“RedHat’s local presence will foster greater participation in the open-source community as well as encourage open -source adoption among local enterprises,” said Damien Wong, vice president and general manager, Asian GEMs, at Red Hat.
Red Hat is an open-source solutions company based in the United States founded in 1993. It also reached the status of the first $2-billion dollar open-source company in 2016.
At the media launch held on the side of Red Hat’s Innovation fest in the Philippines, Wong highlighted the strengths the company sees in the local developers’ community that prompted the decision to finally make its presence official in this part of the globe.
“We see a continuous innovation within the Philippines, which is absolutely critical for the growth and survival of Filipino enterprises,” said Wong.
Citing robust commercial infrastructure, a highly educated technology talent pool, and a committed ecosystem of customers and partners, Red Hat said it considers the country as a strategic location to promote open-source solutions.
As organizations in the Philippines explore new technologies, open source can enable a highly scalable, agile and modern foundation to help power digital transformation initiatives. The new location is aimed at helping these enterprises to catalyze a collaborative environment, which will drive open-source awareness and innovation between customers and partners in the country and across the region.
In October 2017, Red hat created the SEATH (Southeast Asia, Taiwan, and Hong Kong” region to leverage synergies across federations of smaller economies. Seeing the promise of the newly formed group, Red Hat incorporated South Korea in June this year, which then created the Asian Growth & Emerging Markets or GEM region.
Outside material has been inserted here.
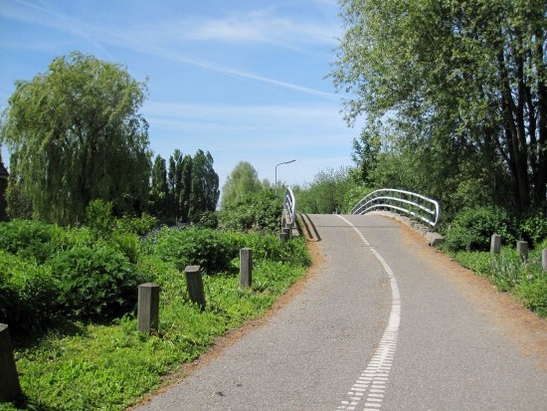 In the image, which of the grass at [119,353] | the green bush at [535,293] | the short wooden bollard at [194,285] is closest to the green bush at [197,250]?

“This is something driven by growth and allows us to share best practices across the federation of countries,” Wong said. “Our GEM’s growth comes from vertical industries of financial services (FSI), telecommunications, and public sector.”
He also cited the robust mobile adoption in the country that will pave the way for developers to create applications that would benefit not only the consumers but also the enterprises.
“Everyone is relying on their mobile or smart devices to engage with (industries like) the banks,” Wong said. “Mobile adoption is fast becoming the way at which innovative services are delivered.”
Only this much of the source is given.